Économie
L’État accusé de lâcher les 670 salariés de la dernière papeterie française
Face à la menace de liquidation de Fibre Excellence, élus et syndicats haussent le ton et dénoncent un recul inquiétant du gouvernement.


Face à la menace de liquidation de Fibre Excellence, élus et syndicats haussent le ton et dénoncent un recul inquiétant du gouvernement.
Les collectivités locales et les syndicats ne décolèrent pas. Le ministre de l’Industrie, Sébastien Martin, a semé le trouble mercredi en déclarant que la seule offre de reprise en lice pour Fibre Excellence ne reposait pas sur un « réel investisseur industriel ». Une phrase que Carole Delga, présidente de la région Occitanie, a immédiatement perçue comme « le début du renoncement » de l’État. Cette entreprise, spécialisée dans la pâte à papier, emploie 670 salariés répartis entre Saint-Gaudens en Haute-Garonne et Tarascon dans les Bouches-du-Rhône. Ses deux usines, les dernières du genre en France, sont à l’arrêt depuis fin avril. Placé en redressement judiciaire le 27 avril, le groupe sera fixé mercredi prochain lors d’une audience cruciale au tribunal de commerce de Toulouse.

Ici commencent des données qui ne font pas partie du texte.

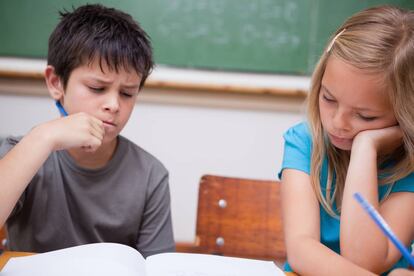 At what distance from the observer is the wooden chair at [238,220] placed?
1.23 metres

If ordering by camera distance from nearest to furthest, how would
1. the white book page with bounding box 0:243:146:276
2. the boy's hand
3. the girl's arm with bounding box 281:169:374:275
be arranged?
the white book page with bounding box 0:243:146:276 < the girl's arm with bounding box 281:169:374:275 < the boy's hand

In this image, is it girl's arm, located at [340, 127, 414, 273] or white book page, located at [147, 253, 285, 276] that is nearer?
white book page, located at [147, 253, 285, 276]

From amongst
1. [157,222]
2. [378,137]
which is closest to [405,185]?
[378,137]

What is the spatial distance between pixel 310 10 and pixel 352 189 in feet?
4.01

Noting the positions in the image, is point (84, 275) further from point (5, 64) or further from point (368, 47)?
point (5, 64)

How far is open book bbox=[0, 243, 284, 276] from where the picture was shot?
0.70m

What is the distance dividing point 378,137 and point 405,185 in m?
0.13

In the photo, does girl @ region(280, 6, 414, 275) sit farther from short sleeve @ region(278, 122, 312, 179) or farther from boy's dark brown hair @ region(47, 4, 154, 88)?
boy's dark brown hair @ region(47, 4, 154, 88)

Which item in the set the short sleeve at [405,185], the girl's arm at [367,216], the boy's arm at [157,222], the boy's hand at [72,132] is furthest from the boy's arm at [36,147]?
the short sleeve at [405,185]

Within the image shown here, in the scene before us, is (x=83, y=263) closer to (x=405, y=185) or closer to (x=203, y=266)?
(x=203, y=266)

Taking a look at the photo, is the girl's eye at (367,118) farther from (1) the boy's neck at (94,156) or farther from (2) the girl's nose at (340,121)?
(1) the boy's neck at (94,156)

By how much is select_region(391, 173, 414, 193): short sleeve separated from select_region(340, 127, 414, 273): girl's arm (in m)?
0.04

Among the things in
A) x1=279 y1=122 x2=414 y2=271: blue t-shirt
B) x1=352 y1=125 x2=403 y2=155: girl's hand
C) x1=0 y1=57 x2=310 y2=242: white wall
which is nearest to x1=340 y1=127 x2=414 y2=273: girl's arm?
x1=352 y1=125 x2=403 y2=155: girl's hand

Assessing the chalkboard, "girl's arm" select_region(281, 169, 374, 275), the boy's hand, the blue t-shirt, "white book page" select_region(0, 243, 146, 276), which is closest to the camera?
"white book page" select_region(0, 243, 146, 276) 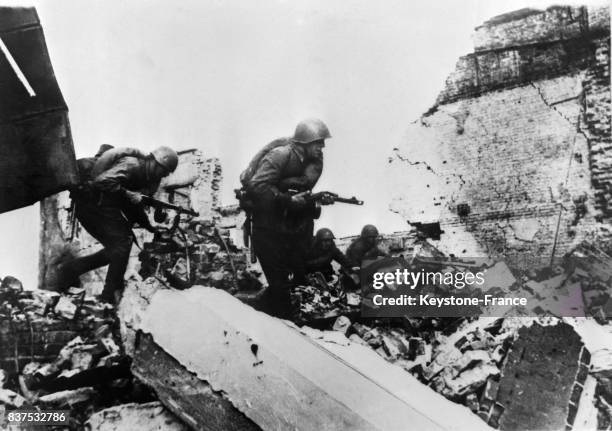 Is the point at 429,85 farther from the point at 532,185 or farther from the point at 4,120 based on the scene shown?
the point at 4,120

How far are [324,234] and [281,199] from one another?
2.63 metres

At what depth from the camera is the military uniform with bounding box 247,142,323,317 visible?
3.32 meters

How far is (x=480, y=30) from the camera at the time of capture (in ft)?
23.6

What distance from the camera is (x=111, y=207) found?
134 inches

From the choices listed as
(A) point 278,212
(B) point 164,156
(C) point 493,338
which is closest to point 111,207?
(B) point 164,156

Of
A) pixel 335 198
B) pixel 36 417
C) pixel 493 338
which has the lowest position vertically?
pixel 493 338

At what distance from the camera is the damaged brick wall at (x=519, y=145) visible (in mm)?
6691

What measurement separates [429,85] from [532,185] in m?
2.41

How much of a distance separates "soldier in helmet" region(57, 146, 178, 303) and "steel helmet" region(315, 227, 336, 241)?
101 inches

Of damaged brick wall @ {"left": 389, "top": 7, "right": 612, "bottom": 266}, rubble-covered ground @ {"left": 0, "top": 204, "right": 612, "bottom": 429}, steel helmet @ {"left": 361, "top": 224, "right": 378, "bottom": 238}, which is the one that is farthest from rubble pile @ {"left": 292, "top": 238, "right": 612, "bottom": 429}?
damaged brick wall @ {"left": 389, "top": 7, "right": 612, "bottom": 266}

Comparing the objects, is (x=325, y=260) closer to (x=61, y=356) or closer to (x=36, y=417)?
(x=61, y=356)

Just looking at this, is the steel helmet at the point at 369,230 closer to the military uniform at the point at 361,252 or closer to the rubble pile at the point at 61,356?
the military uniform at the point at 361,252

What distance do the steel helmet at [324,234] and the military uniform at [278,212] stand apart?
202cm

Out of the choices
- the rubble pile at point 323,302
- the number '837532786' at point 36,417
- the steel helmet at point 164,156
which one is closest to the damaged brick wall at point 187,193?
the rubble pile at point 323,302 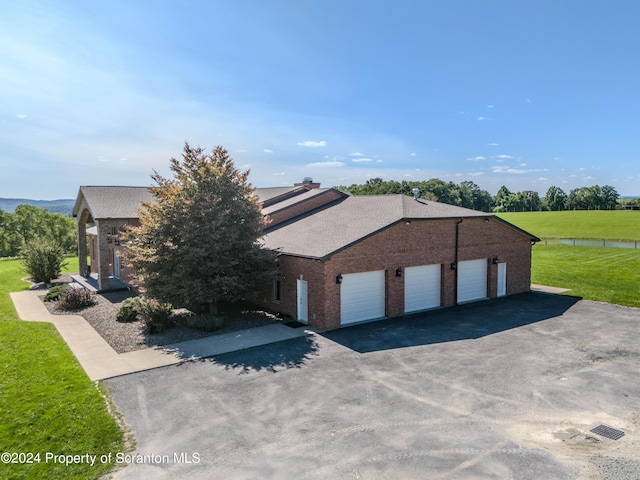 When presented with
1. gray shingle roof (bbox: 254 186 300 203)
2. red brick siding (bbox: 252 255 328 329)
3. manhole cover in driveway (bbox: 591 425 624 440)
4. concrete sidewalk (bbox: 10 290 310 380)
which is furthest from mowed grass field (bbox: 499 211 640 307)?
gray shingle roof (bbox: 254 186 300 203)

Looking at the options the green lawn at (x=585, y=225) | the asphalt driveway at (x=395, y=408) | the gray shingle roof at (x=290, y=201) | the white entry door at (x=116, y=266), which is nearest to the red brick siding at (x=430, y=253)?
the asphalt driveway at (x=395, y=408)

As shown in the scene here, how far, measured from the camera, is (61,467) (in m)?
6.61

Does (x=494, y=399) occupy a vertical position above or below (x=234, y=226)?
below

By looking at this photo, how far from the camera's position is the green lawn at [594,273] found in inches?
827

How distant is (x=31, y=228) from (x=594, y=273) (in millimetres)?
65083

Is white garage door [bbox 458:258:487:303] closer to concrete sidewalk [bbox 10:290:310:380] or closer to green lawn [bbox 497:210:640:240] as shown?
concrete sidewalk [bbox 10:290:310:380]

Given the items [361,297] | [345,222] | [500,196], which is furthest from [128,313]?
[500,196]

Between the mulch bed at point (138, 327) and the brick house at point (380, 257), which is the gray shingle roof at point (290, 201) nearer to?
the brick house at point (380, 257)

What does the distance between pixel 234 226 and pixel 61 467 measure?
9.98 metres

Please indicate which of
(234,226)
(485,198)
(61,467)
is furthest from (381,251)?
(485,198)

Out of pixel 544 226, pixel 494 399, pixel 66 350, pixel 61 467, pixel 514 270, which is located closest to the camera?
pixel 61 467

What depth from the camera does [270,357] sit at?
11961 millimetres

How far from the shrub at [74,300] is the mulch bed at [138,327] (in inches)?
13.0

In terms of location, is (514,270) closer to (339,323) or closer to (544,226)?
(339,323) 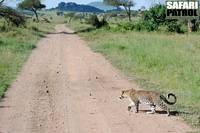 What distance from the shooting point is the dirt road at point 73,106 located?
970 centimetres

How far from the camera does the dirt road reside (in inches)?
382

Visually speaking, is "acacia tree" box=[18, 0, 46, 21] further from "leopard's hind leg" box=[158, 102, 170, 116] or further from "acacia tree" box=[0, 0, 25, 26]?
"leopard's hind leg" box=[158, 102, 170, 116]

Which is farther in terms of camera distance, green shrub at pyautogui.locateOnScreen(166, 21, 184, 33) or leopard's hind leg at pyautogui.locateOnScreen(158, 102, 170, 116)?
green shrub at pyautogui.locateOnScreen(166, 21, 184, 33)

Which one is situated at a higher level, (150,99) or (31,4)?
(31,4)

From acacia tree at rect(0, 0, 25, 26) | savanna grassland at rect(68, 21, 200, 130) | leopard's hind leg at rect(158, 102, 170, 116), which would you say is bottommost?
savanna grassland at rect(68, 21, 200, 130)

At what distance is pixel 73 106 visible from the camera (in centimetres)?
1181

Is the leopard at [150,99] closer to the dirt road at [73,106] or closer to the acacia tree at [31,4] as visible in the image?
the dirt road at [73,106]

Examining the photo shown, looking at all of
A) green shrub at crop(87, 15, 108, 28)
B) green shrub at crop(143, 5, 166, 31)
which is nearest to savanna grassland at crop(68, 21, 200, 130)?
green shrub at crop(143, 5, 166, 31)

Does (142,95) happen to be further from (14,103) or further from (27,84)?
(27,84)

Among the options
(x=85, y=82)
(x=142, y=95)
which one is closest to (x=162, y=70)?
(x=85, y=82)

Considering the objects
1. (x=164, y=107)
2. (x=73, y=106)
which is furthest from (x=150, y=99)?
(x=73, y=106)

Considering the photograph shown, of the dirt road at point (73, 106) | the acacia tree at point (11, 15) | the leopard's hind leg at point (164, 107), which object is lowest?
the dirt road at point (73, 106) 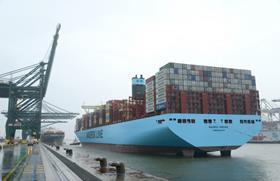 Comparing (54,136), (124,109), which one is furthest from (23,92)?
(54,136)

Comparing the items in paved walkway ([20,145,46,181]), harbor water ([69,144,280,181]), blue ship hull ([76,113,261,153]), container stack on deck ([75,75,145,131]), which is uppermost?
container stack on deck ([75,75,145,131])

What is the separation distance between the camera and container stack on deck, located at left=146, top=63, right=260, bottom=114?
4547 cm

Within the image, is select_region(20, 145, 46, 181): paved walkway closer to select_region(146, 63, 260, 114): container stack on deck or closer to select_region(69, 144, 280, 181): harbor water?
select_region(69, 144, 280, 181): harbor water

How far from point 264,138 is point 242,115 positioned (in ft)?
408

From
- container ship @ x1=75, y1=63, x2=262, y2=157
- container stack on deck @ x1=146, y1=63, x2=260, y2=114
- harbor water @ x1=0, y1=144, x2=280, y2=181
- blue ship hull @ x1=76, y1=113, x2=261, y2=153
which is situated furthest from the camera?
container stack on deck @ x1=146, y1=63, x2=260, y2=114

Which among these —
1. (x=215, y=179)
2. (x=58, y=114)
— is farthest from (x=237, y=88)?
(x=58, y=114)

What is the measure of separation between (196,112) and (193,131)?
3.68 m

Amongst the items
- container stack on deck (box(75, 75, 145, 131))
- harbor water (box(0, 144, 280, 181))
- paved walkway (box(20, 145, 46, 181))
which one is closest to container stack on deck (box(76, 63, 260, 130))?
container stack on deck (box(75, 75, 145, 131))

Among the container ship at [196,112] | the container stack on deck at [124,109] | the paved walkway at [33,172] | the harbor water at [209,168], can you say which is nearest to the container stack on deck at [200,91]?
the container ship at [196,112]

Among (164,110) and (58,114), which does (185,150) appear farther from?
(58,114)

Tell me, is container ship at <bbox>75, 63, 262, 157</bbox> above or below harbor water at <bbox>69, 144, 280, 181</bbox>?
above

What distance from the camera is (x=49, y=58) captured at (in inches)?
2958

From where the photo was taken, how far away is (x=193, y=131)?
4338 centimetres

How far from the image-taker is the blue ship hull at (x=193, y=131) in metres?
42.8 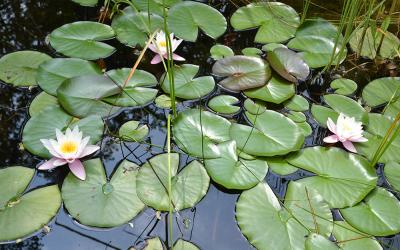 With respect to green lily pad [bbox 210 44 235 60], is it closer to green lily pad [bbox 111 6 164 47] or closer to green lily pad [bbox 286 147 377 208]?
green lily pad [bbox 111 6 164 47]

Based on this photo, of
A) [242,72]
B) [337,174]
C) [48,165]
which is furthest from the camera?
[242,72]

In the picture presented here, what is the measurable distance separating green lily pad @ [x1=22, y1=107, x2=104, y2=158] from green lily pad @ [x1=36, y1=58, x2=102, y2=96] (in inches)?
6.7

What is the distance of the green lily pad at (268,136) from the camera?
1.88 metres

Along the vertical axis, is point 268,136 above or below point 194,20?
below

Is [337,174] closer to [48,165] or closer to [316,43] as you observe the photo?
[316,43]

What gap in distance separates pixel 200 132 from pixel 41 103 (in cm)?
79

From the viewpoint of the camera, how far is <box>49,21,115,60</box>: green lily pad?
2303 millimetres

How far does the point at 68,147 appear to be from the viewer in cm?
175

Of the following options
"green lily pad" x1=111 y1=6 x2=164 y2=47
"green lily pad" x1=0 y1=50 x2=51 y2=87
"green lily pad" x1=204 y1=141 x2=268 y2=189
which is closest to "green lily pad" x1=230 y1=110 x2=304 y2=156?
"green lily pad" x1=204 y1=141 x2=268 y2=189

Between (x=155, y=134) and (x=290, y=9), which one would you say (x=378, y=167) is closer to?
(x=155, y=134)

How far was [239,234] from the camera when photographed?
1646mm

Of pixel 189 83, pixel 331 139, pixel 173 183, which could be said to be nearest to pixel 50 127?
pixel 173 183

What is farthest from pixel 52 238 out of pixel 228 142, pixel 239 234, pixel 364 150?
pixel 364 150

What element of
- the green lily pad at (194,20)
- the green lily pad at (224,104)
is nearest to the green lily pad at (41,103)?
the green lily pad at (224,104)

Pour les élus et les représentants syndicaux, l’enjeu dépasse largement le sort de ces 670 familles. Une disparition de Fibre Excellence mettrait en danger toute une filière qui représente plus de 10 000 emplois. « Le message que nous portons tous, c’est que nous sommes mobilisés et que ces usines ne fermeront pas », a martelé Carole Delga, entourée de syndicalistes et de responsables locaux. De son côté, Sophie Binet, secrétaire générale de la CGT, a qualifié l’audience de « cruciale », estimant que « dans quelques jours, Fibre Excellence peut disparaître ». Elle a aussi tiré la sonnette d’alarme sur l’intérêt affiché par un « ferrailleur associé à un grand papetier canadien », qui aurait déposé une lettre d’intention. Selon elle, cet acteur « peut avoir intérêt à tuer l’industrie papetière française ».
Sur le terrain, la colère monte. Sébastien Vincini, président du conseil départemental de Haute-Garonne, n’a pas mâché ses mots : « L’impact d’une disparition de Fibre Excellence pour un territoire comme le nôtre serait dramatique. On marche sur la tronche », a-t-il lancé, dénonçant l’inaction du gouvernement. Alors que l’offre de reprise interne doit être examinée dans quelques jours, élus et syndicats tentent de maintenir la pression. Pour eux, il ne s’agit pas seulement de sauver une entreprise mais de préserver un pan entier de la souveraineté industrielle française. Le verdict du tribunal est attendu comme un signal fort pour l’avenir de la filière papier dans le pays.